Only as each seeker beholds man as the reflection of God can he possibly prove the truth of immortality and find Life to be eternal. He then finds that perfect God and perfect man equal perfect harmony, that man is without the slightest sense of limitation imposed by the carnal mind. This true knowledge enables him to discern between the real and the unreal. Then, from this basis of true reasoning, scientific discernment elevates him to the perception of spiritual understanding, which he proves by actual demonstration. He thus proves that God is the only source of activity and reality, and the result will be encouragement and inspiration for further demonstration.
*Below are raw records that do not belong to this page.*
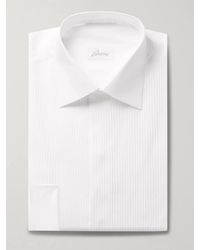 Brioni - White Slim-fit Bib-front Double-cuff Cotton-voile Shirt - Lyst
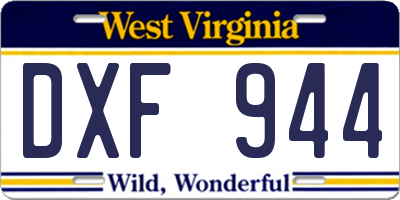 WV license plate DXF944
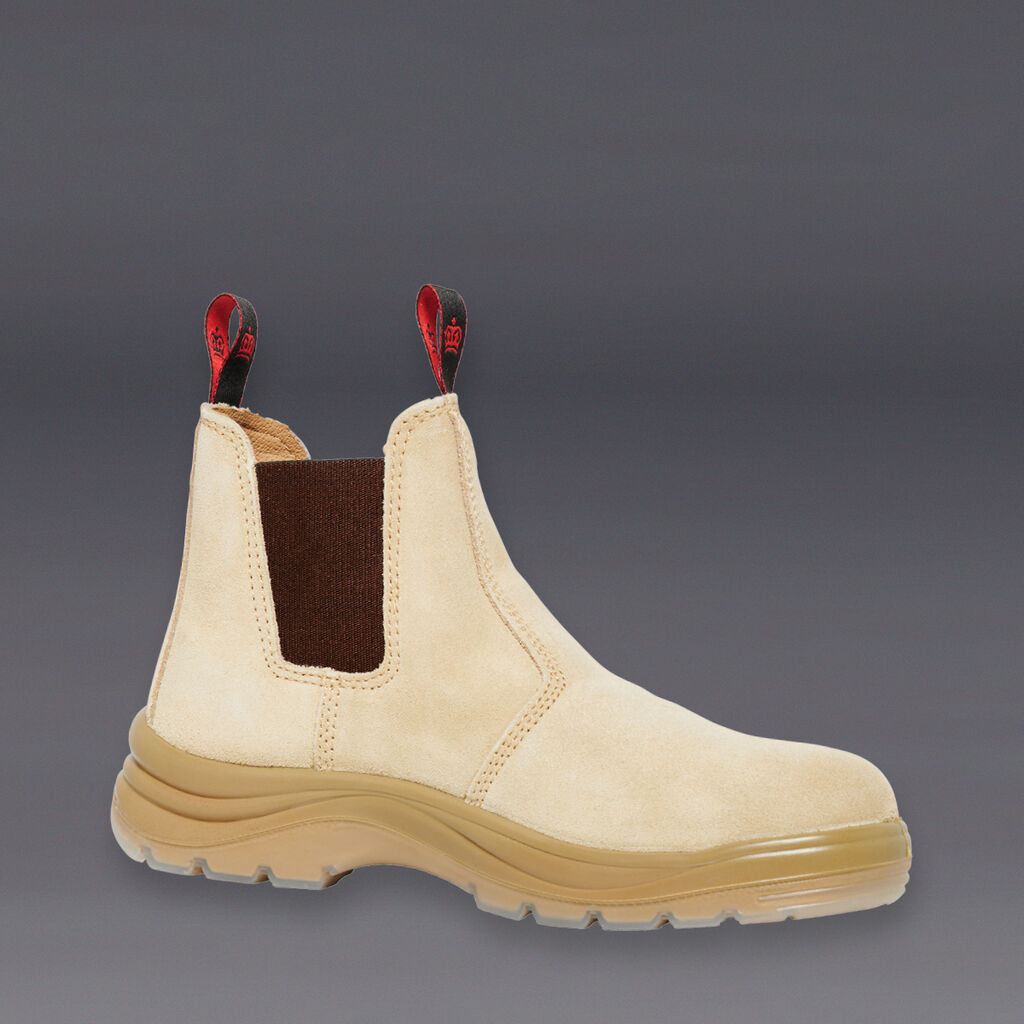 KingGee K25180 Flinders Elastic Slip On Safety Boot-Sand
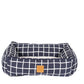Mog & Bone Bolster Dog Bed  - Navy Check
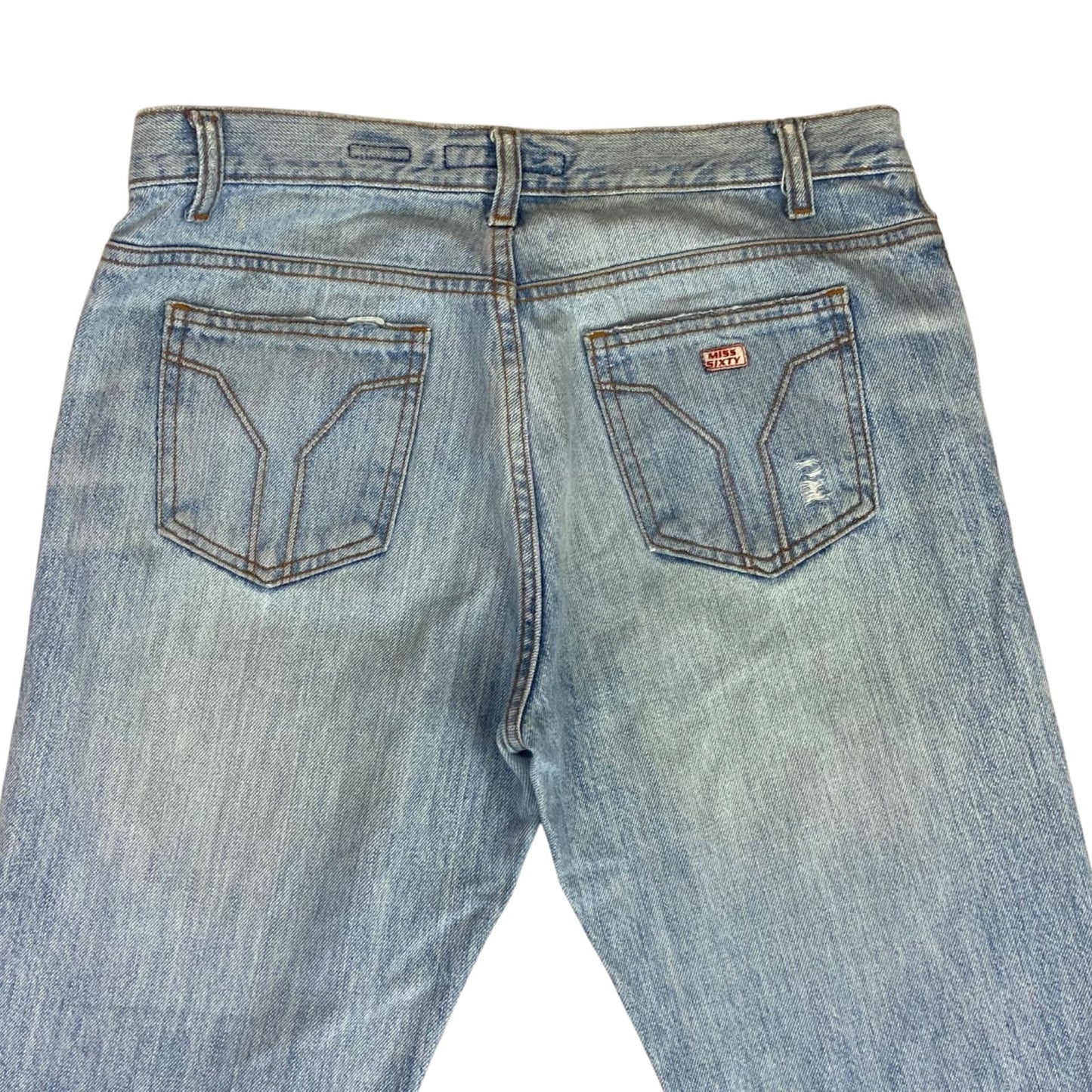 Vintage 90s Y2K Light Blue Miss Sixty Mid-Rise Bleached Flared Jeans 12 14 M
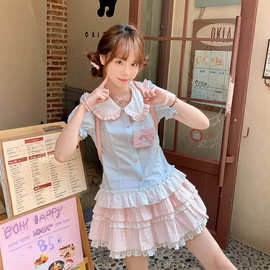 女童装娃娃领衬衫蛋糕裙子套装中大童夏季新款甜美学院风短裙夏装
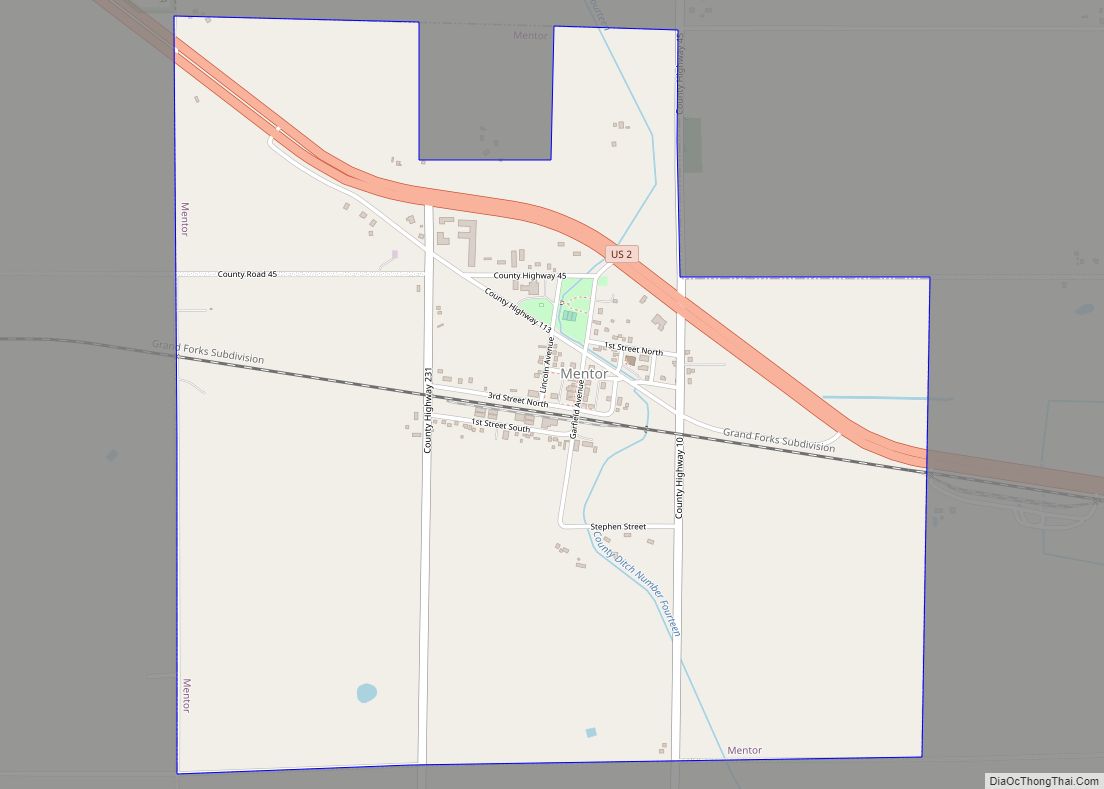 Map of Mentor city, Minnesota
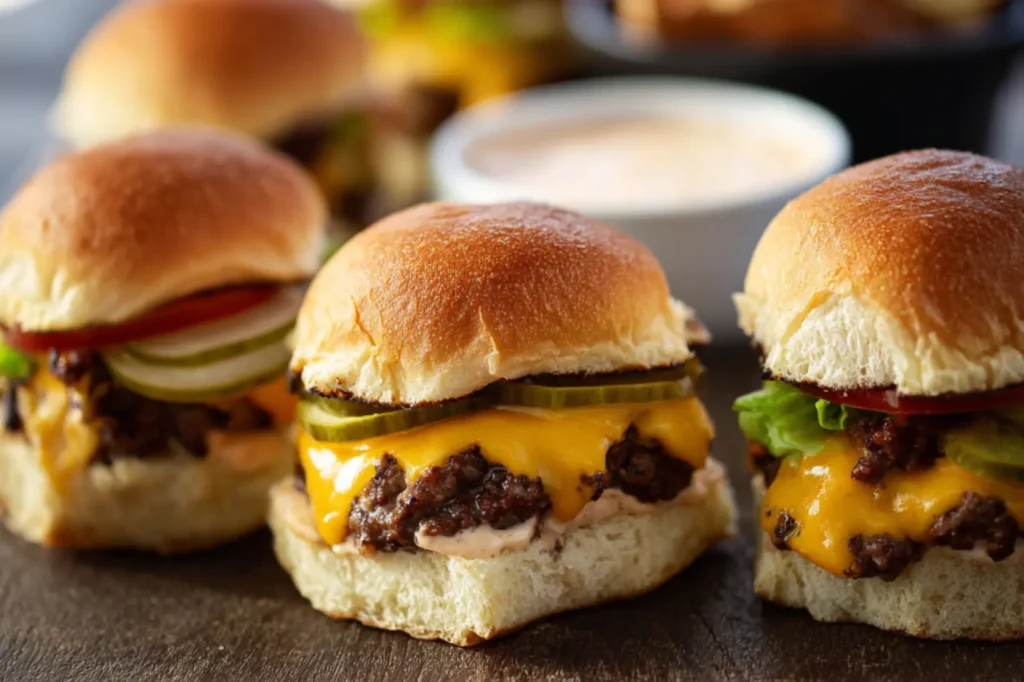 Air Fryer Cheeseburger Sliders recipe, served and ready to eat, easy homemade dinner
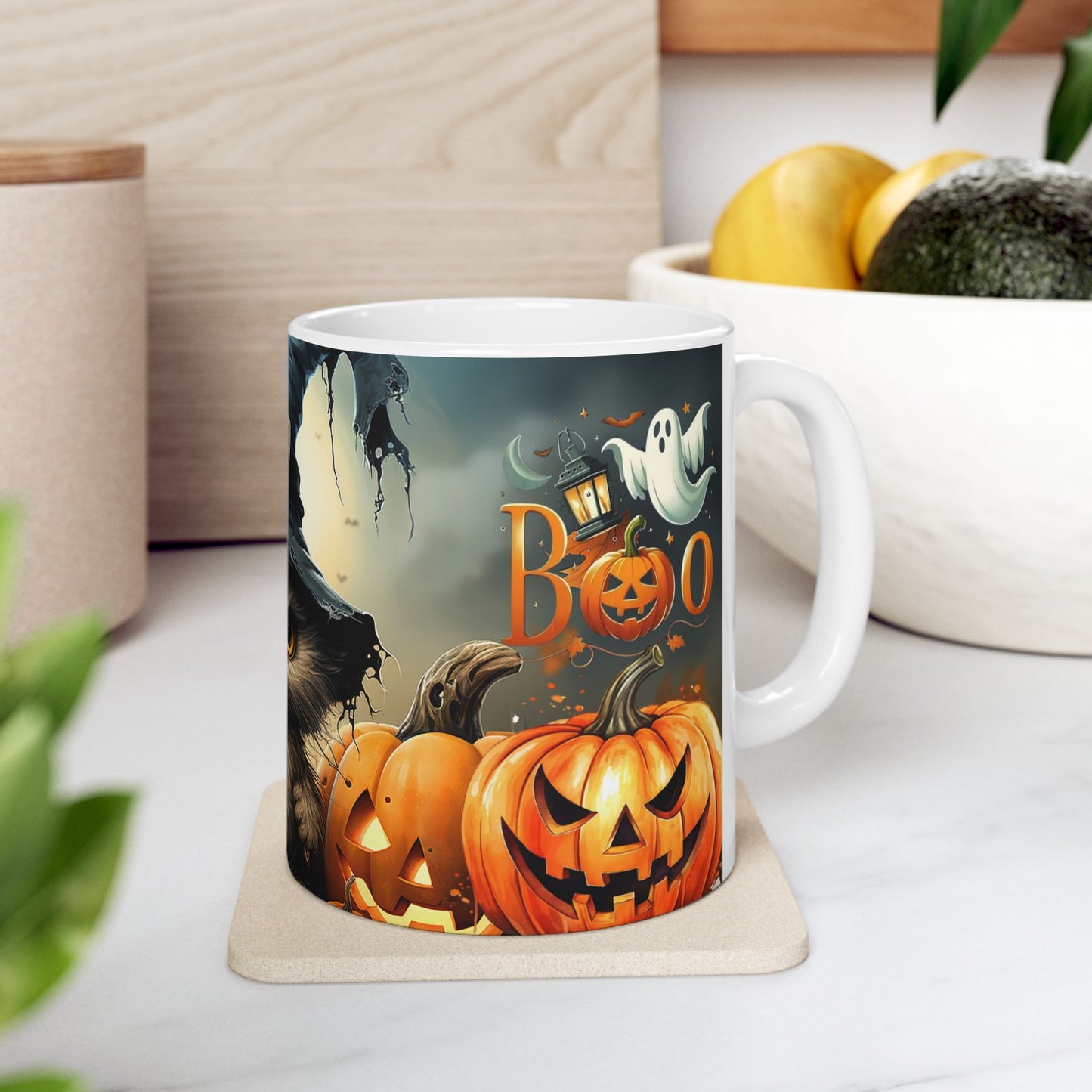 Halloween Cat Ceramic Mug — Witch Hat Kitty with Pumpkins (11oz/15oz)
The standpoint of man's immortality reveals this clear and definite point of reasoning, in which we accept that only which man is conscious of, spiritual living or being which is revealed to us through the senses of Soul.

On the other hand, mortal man, believing the false testimony of Life and intelligence in matter, shows suffering to be inevitable, and he has no point from which he can reason correctly. The truth we know and demonstrate is spiritual living, in fact, is all we know of man in the image and likeness of God. As good unfolds to our thought, we find that the line of demarcation has to be drawn very definitely and decidedly if we are to divide "the waters which were under the firmament from the waters which were above the firmament." If we are absorbed in materiality we can but discern faintly, if at all, man's true sonship with God, and only as we come to the recognition of the nothingness of materiality and that all we can have from materiality is evil continually, we are turned away form these discordant conditions, perhaps through extremity which ofttimes becomes God's opportunity.